◆ **Exercise objective**: Nothing but the records, copied exactly and stripped of pictures, should be in the answer.
____________
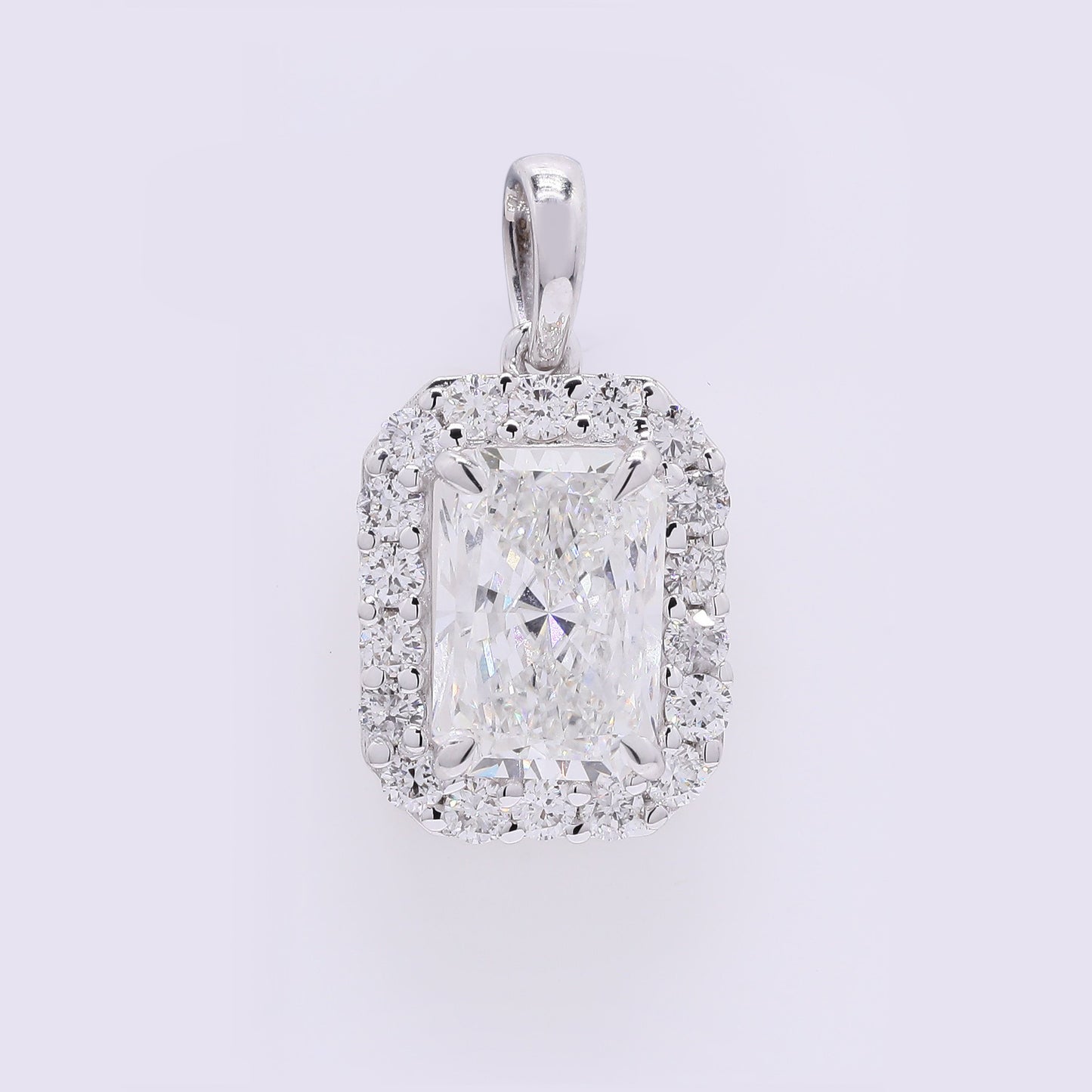 2.30 Carats Lab Grown Diamond 14K Gold Pendant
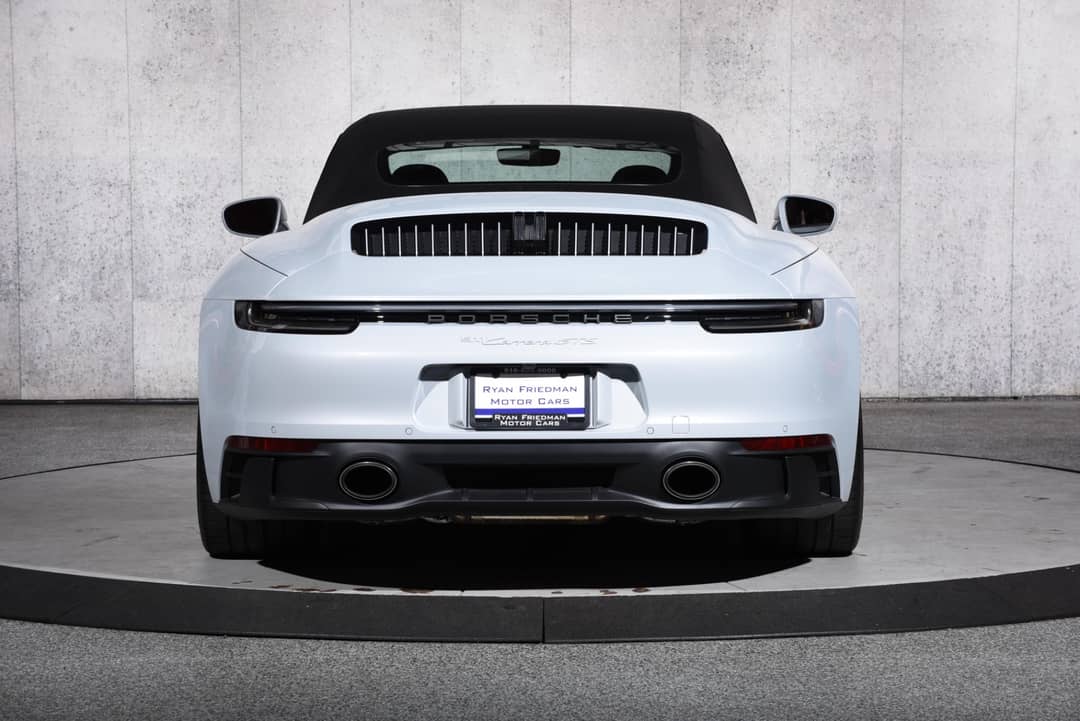 2024 Porsche 911 Carrera GTS — photo 39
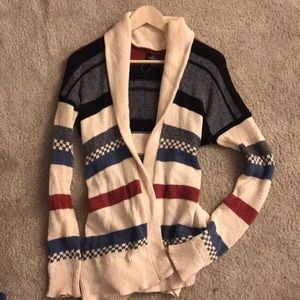 Super soft American Eagle Cardigan w/ tie!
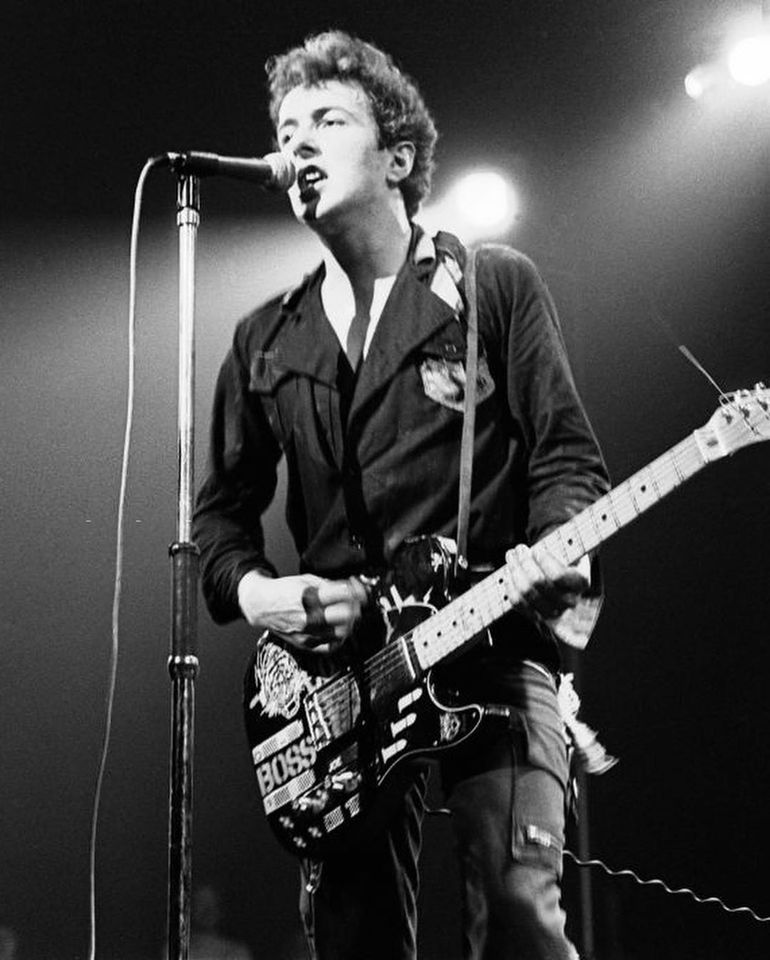 JoeStrummer.jpg
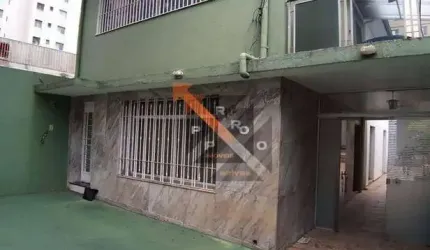 Excelente TERRENO COM CASA COMERCIAL Mooca com  756 metros de terreno SENDO 18,90 FRENTE X 40,00 FUNDOS-50 VAGAS-LOCALIZAÇÃO PRIVILEGIADA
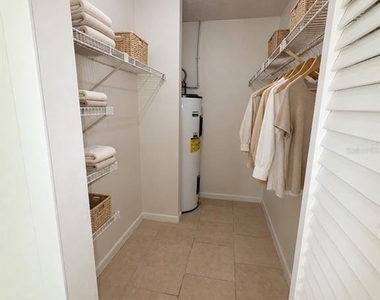 5225 Via Hacienda Circle - Photo Thumbnail 11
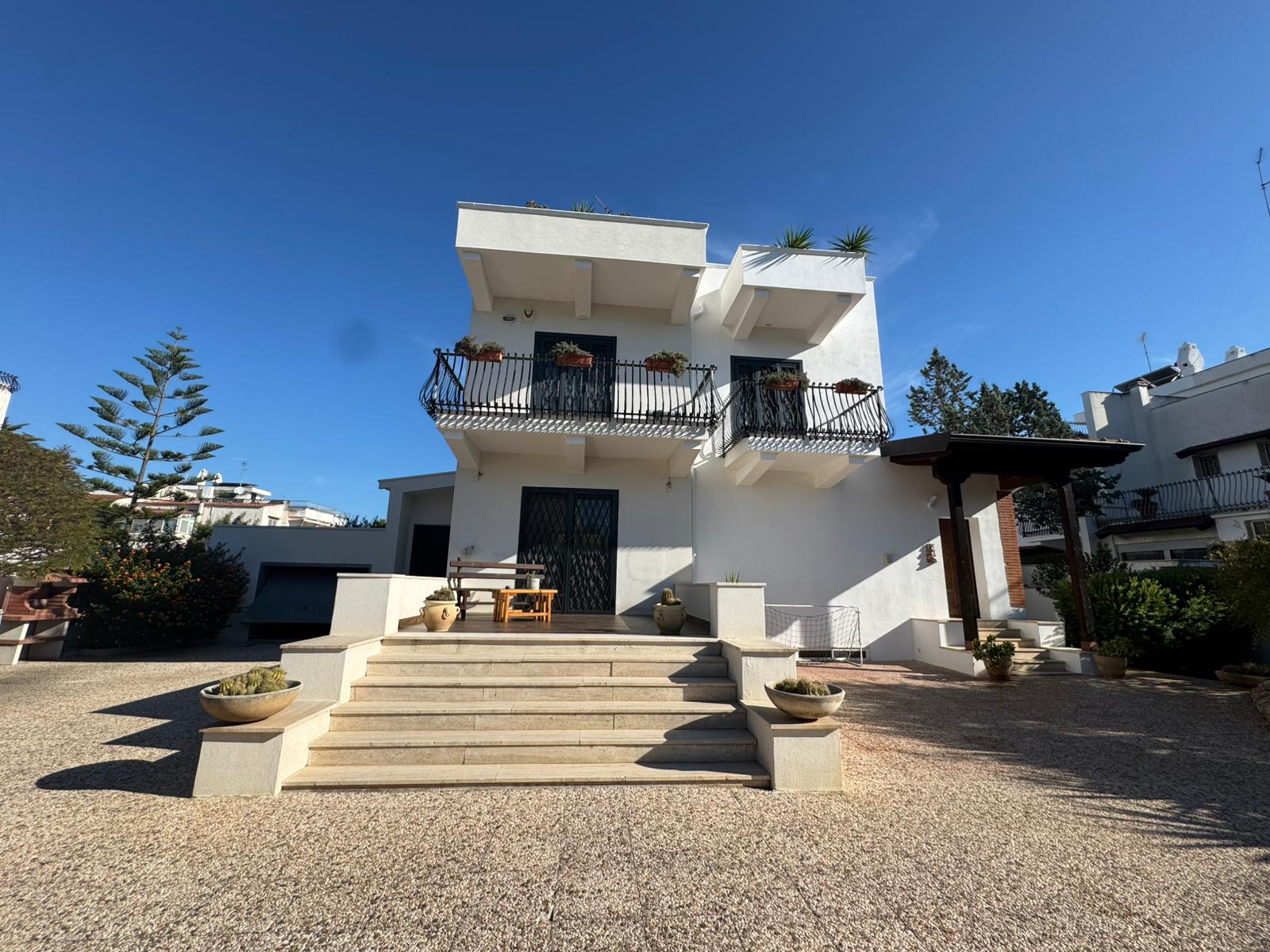 PALESE - VILLA SINGOLA SU TRE LIVELLI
____________
◆ **Solution to this exercise**:
 2.30 Carats Lab Grown Diamond 14K Gold Pendant
 2024 Porsche 911 Carrera GTS — photo 39
 Super soft American Eagle Cardigan w/ tie!
 JoeStrummer.jpg
 Excelente TERRENO COM CASA COMERCIAL Mooca com  756 metros de terreno SENDO 18,90 FRENTE X 40,00 FUNDOS-50 VAGAS-LOCALIZAÇÃO PRIVILEGIADA
 5225 Via Hacienda Circle - Photo Thumbnail 11
 PALESE - VILLA SINGOLA SU TRE LIVELLI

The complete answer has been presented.